[PR #1618] [MERGED] fix(tinytorch): milestone 3 xor convergence and reporting (#1613, #1614) #9224

Closed
opened 2026-05-03 01:29:22 -05:00 by GiteaMirror · 0 comments
Owner

📋 Pull Request Information

Original PR: https://github.com/harvard-edge/cs249r_book/pull/1618
Author: @profvjreddi
Created: 4/30/2026
Status: Merged
Merged: 4/30/2026
Merged by: @profvjreddi

Base: devHead: fix/milestone3-xor


📝 Commits (4)

  • 1aaf779 fix(tinytorch): re-seed layers RNG so XOR milestone converges to 100%
  • 81d299d fix(tinytorch): gate XOR success messages on actual convergence
  • 9ab252f Merge dev to pick up codespell fix
  • 6183529 Merge branch 'dev' into fix/milestone3-xor

📊 Changes

1 file changed (+108 additions, -46 deletions)

View changed files

📝 tinytorch/milestones/02_1969_xor/02_xor_solved.py (+108 -46)

📄 Description

Summary

Fixes two related bugs in Milestone 3 ("MLP Revival, 1986"), specifically the XOR Solved script (`tinytorch/milestones/02_1969_xor/02_xor_solved.py`, which is part 1 of milestone 3 per `MILESTONE_SCRIPTS` in `tito/commands/milestone.py`).

#1614 - XOR stuck at 75%

The migration commit `d30257577c` ("refactor(tinytorch): migrate from legacy np.random to default_rng(7)") inadvertently broke the XOR convergence guarantee. The original line:

```python
np.random.seed(1986) # set global state - influenced layer init
```

was replaced with:

```python
rng = np.random.default_rng(7) # local var, never used - dead code
```

The active weight-init RNG is `tinytorch.core.layers.rng`, which the milestone never touches. With its module-load default (seed=7), the 4-unit hidden layer initializes into a dead-ReLU saddle point: training stalls at exactly 75% accuracy (one of the four XOR cases pinned at p≈0.5) regardless of how long it runs.

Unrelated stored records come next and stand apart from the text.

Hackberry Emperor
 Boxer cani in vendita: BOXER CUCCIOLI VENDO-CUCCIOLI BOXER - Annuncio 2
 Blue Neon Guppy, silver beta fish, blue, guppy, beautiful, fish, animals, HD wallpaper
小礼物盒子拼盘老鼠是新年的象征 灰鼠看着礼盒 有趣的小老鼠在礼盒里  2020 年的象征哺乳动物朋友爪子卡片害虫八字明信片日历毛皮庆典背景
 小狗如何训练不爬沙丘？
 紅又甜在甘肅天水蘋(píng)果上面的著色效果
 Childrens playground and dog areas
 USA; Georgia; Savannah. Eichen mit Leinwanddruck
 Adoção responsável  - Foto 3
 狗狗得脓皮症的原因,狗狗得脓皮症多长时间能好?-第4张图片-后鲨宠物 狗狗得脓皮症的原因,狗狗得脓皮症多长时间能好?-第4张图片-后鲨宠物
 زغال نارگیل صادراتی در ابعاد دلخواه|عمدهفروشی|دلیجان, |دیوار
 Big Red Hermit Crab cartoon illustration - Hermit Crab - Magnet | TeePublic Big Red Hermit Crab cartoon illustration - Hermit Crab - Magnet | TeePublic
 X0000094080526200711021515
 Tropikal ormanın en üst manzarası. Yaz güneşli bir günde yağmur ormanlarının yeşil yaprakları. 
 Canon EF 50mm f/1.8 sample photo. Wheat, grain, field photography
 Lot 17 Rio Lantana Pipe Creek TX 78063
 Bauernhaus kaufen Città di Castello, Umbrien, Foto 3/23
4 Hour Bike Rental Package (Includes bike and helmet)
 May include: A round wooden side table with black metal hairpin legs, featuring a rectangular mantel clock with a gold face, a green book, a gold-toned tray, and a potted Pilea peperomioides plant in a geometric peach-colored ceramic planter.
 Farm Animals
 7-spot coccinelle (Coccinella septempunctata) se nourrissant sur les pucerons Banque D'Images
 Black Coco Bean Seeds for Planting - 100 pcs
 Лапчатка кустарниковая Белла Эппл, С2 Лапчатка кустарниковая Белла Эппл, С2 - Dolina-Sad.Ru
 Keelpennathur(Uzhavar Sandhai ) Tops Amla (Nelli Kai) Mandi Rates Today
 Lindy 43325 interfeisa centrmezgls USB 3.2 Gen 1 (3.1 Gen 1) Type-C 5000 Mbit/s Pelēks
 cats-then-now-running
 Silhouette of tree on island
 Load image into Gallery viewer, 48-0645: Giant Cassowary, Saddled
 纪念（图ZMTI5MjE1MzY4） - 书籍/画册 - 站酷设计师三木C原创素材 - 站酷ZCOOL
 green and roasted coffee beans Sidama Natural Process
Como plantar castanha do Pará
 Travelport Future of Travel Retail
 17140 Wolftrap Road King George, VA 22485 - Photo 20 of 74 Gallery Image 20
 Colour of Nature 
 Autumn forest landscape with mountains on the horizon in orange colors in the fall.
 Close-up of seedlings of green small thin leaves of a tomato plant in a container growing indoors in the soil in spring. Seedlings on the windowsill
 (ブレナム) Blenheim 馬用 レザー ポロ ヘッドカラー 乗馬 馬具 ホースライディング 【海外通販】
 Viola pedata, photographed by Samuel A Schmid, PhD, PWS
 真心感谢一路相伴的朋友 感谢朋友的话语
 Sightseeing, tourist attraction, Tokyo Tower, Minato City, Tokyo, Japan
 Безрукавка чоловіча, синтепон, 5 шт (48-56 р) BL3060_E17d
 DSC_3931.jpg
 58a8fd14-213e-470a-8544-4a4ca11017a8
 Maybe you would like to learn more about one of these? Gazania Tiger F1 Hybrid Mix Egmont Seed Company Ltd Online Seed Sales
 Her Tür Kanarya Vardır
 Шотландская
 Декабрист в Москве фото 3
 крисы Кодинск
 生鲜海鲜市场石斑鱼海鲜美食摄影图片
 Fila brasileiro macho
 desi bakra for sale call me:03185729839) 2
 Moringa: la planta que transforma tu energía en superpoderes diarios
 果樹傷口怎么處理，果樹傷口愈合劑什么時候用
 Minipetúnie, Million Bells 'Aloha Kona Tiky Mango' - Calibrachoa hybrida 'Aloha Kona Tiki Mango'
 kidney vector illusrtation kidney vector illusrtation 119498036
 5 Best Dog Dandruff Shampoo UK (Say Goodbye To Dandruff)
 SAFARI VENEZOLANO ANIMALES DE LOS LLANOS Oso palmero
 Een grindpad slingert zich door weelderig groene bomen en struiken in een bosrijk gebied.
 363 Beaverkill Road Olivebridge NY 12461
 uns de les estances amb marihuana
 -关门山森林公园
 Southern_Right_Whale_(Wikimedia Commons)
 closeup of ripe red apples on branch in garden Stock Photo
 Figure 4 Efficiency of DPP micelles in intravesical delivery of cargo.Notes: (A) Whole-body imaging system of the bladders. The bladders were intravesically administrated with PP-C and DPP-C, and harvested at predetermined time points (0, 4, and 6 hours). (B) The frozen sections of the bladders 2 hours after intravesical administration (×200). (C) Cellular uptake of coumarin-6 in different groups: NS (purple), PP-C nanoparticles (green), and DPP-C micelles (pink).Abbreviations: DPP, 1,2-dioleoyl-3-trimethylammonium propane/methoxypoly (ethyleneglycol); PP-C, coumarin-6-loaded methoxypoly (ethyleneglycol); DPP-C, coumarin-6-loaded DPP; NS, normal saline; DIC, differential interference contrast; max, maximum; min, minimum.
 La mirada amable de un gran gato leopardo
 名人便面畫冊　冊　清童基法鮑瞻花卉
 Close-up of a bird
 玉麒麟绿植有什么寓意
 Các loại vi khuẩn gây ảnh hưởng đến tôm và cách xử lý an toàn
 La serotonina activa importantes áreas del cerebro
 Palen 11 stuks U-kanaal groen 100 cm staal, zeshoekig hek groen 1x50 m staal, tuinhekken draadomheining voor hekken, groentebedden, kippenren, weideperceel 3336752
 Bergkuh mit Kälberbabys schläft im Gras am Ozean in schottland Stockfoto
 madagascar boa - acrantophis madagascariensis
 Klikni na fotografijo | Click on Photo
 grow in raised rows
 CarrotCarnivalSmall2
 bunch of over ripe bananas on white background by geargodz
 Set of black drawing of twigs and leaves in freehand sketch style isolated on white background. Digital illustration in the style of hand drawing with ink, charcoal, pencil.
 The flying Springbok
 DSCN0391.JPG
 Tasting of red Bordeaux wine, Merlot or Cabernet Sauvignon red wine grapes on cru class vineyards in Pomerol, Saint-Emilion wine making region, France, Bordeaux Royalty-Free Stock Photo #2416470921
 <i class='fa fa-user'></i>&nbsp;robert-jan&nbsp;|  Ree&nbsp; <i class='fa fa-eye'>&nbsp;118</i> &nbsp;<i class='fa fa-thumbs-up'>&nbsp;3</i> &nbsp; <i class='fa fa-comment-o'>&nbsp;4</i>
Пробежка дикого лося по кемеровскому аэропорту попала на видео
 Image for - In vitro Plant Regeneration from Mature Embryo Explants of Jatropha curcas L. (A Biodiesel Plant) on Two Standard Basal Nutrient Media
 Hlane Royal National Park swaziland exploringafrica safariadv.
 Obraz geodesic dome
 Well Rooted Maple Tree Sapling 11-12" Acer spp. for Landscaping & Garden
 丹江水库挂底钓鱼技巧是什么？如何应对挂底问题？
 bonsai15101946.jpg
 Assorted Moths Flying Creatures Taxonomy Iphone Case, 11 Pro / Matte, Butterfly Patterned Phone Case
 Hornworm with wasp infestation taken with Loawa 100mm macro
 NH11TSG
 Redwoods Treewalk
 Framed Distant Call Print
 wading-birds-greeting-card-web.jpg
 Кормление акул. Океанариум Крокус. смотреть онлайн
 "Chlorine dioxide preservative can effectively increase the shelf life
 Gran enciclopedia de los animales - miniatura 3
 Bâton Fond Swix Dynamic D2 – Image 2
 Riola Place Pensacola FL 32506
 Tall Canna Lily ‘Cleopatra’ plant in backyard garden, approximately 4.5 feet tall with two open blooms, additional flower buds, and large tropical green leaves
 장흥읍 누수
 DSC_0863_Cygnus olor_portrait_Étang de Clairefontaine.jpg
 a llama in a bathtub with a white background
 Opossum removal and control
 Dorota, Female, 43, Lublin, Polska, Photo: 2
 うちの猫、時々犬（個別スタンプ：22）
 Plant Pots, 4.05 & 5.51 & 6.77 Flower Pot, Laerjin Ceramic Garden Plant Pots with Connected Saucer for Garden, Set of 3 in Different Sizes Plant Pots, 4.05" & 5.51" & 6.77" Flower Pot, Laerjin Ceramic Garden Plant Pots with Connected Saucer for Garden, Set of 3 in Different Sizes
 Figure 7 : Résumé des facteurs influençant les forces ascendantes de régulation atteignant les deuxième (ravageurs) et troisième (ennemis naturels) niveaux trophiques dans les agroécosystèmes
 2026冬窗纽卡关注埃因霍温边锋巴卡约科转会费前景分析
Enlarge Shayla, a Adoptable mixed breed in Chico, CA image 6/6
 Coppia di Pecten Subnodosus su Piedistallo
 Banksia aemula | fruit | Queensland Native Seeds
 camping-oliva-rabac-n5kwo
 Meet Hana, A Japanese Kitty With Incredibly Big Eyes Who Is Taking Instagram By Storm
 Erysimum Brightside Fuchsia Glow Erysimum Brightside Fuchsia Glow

Fix: Re-seed `tinytorch.core.layers.rng` to 1986 (the year of the backprop paper) right before model creation. This restores deterministic 100% convergence in 500 epochs while preserving the original `hidden_size=4` pedagogy and all surrounding educational text (which references "4 hidden units", "13 parameters", "2→4", etc.).

#1613 - false "XOR solved" advertisement

Even when training got stuck at 75%, the script unconditionally printed:

  • ` Training Complete - XOR Solved!`
  • A green `🎉 Success! You Ended the AI Winter!` panel reading `Final accuracy: 75.0% (Perfect XOR solution!)`

Fix: Gate both messages on a 0.95 convergence threshold. Below threshold, show a yellow "Training Did Not Converge" panel that explains the dead-ReLU saddle-point symptom, tells the student to re-run or use a larger hidden layer, and explicitly warns against moving on to Milestone 03 TinyDigits with a broken XOR result.

Repro

Before:
```
Epoch 500/500 Loss: 0.3490 Accuracy: 75.0%
Training Complete - XOR Solved! <- false
║ Final accuracy: 75.0% (Perfect XOR solution!) <- false
```

After (success path):
```
Epoch 500/500 Loss: 0.0053 Accuracy: 100.0%
Training Complete - XOR Solved!
║ Final accuracy: 100.0% (Perfect XOR solution!)
```

After (failure path, simulated by forcing the bad RNG state):
```
⚠️ Training Complete - but only 75.0% accuracy.
The network did not converge (likely stuck in a saddle point).
Try re-running the milestone - random init can pin a 4-unit hidden
layer at 75% on XOR. See issue #1614.
╔══════════════════════ ⚠️ XOR Not Solved Yet ══════════════════════╗
║ Final accuracy: 75.0% (below the 95% convergence threshold) ║
║ ... ║
```

Files changed

  • `tinytorch/milestones/02_1969_xor/02_xor_solved.py` (only file)

Test plan

  • `pytest tinytorch/tests/milestones/test_milestones_smoke.py -k xor` passes (4/4)
  • Manual run produces 100.0% test accuracy and the success panel
  • Simulated failure path produces the "did not converge" warning panel and recovery instructions
  • CI on dev once the PR is opened

Relates to #1613
Relates to #1614


🔄 This issue represents a GitHub Pull Request. It cannot be merged through Gitea due to API limitations.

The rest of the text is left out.